Ashley Locke is a brilliant reporter and producer for NPR and WBUR’s Here and Now based out of Central Mass., where her husband Chris heads up the brewing team at Start Line Brewing. (Chris is my former classmate from Emerson.) Our interview hinges on the impact of Ashley’s “chosen mom,” Judy, on her own initiations — growing into a skillful storyteller, experiencing early pregnancy loss, and becoming a mother to son Otis, who just turned one.
We also discuss what it means to determine the right timing and ethics of telling our initiation stories, and those of other women and marginalized people — important considerations for all storytellers. As she says, “The power that I feel, I want other women to feel. I want them to feel that their stories matter.” As do I.
So let’s get into it! I can’t wait to hear what y’all think of this post format. Let us know in the comments below!
Ryan: Firstly, how do you define “initiation”?
Ashley: I have thought about this idea of initiation several times in my life, but didn’t have the word to name it. I feel like I’ve already lived several lives. There was life with my birth mom — then leaving her at 14 to live with dad and Judy, his partner at the time and my chosen mom. There was leaving Arcata, CA, a town of less than ten thousand, to go to LA, a city of more than 10 million — then leaving LA for Boston, and landing at WBUR. There was going through an early stage miscarriage — very different from your journey, but it felt like such a tidal wave to go through again, after losing Judy just before our wedding. And now, I’m in the initiation of becoming Otis’ mom.
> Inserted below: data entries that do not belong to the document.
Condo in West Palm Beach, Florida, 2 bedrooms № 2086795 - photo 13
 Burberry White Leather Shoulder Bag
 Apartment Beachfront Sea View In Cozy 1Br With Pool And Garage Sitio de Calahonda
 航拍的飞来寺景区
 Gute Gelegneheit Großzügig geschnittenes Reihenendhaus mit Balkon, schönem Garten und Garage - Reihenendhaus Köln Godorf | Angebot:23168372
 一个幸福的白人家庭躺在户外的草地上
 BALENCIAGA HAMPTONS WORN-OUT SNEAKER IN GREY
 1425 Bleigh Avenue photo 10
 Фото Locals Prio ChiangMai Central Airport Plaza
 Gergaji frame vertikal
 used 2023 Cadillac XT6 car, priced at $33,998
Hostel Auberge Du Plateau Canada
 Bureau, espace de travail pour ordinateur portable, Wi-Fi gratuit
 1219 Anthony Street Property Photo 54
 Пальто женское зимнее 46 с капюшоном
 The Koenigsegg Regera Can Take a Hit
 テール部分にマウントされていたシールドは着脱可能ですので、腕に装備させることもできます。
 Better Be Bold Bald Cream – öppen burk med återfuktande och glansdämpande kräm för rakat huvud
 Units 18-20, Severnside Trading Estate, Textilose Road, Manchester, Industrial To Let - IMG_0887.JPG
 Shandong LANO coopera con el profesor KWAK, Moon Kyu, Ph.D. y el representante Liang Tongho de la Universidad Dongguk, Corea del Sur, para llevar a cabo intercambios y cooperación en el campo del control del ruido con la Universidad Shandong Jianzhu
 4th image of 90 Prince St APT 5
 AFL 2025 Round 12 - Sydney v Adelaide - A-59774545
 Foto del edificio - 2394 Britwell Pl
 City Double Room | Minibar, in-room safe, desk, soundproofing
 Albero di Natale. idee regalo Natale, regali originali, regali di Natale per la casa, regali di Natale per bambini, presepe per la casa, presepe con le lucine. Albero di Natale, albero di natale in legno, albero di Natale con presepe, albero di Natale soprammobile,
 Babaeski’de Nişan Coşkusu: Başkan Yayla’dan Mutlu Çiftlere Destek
I’m realizing that a lot of our initiations are about loss. How what we lose or leave behind changes us. I’m glad we can figure out how to reclaim some of the pain as a sign of growth and strength.
This matters to me personally and professionally. As a reporter and producer, I interview people pretty much every day that have been through trauma. For example, I was working on a story about refugees from Afghanistan after the fall of Kabul. And we were eager to hear from someone who got on a plane, like, yesterday. But I talked to this refugee organization and they said, “We wait at least a few months before we even tell refugees about media opportunities, because we want them to speak from a place of strength, and people are in shock when they leave their country with a suitcase.”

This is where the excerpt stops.